Gross Domestic Product (GDP)
The gross domestic product, commonly referred to as the GDP, is the broadest quantitative measure of a nation’s total economic activity. More specifically, the GDP represents the monetary value of all goods and services produced within a nation’s geographic border over a specified period of time, usually annually. This number is one of the primary indicators used to gauge the health of the country’s economy. To have a quantitative number on the total dollar value of all goods and service produces gives business and political leaders the necessary ideas and strategies of what they can do to improve or change the economy for the better.

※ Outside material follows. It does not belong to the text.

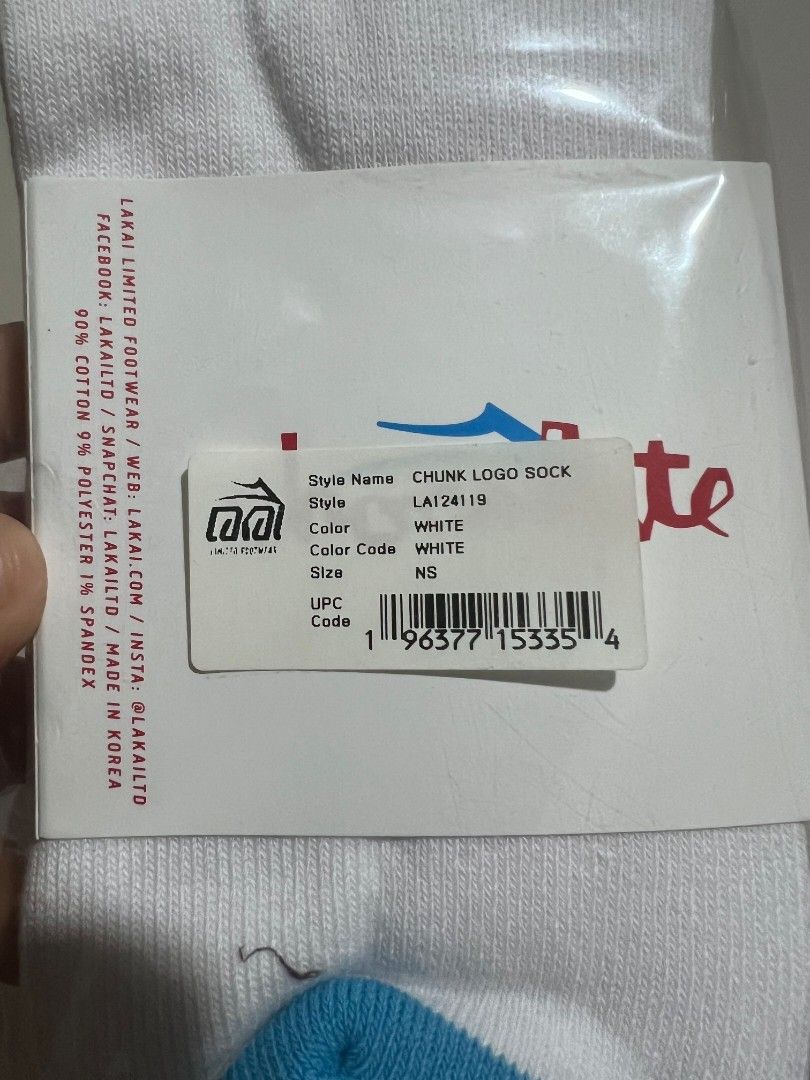 Lakai x Chocolate Chunk Logo Socks - White (Category: Socks) located in Manila. Submitted by thriftstore34 (Listing ID 1424686354, Image 3). Description: NS on tag (No Size) Free size Brand new with tags Never Used 🏷️499, add shipping fee ❎No COD/ COP.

Cost-benefit analysis encompasses the cornerstone of our rational expectations and logistical decisions. By definition, it is a systematic approach to estimate the strengths and weaknesses of alternative options that can satisfy transactions, activities, or functional requirements of a business. In simplistic terms, it is the idea of finding the most beneficial situation that can benefit an individual with the least amount of cost. Take for example you are running a business and you need to produce one hundred million products. If you can produce that same amount in the same quality for a cheaper price, wouldn’t it make sense to go for the cheaper option? This type of sound thinking is something entrepreneurs and business executives utilize in their everyday life within the private sector.

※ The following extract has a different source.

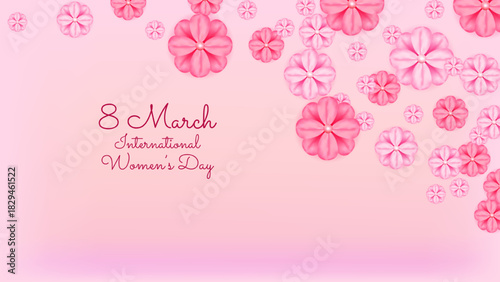 March 8 International Womens Day Celebrate holiday. Symbol of equality strength and femininity. For marketing banner social media and campaign. Vector illustration.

Inflation by definition is the rate at which the general level of prices for goods and services is rising and, consequently, the purchasing power of currency is falling. Take for example if the inflation rate is 5%. If a candy bar cost $1.00 in a given year, the cost will be $1.05 next year. This means that as goods and services require more money to purchase thus impacting the value of the money, which will decrease.
Scarcity is the fundamental economic problem of having seemingly unlimited human wants in a world of limited resources. Think of this within the gas and energy sector where we are dealing some of the world’s most limited resources. With such limits, this of course impacts the overall price. Go back to the idea of supply and demand and how much effect it can have on the price of goods.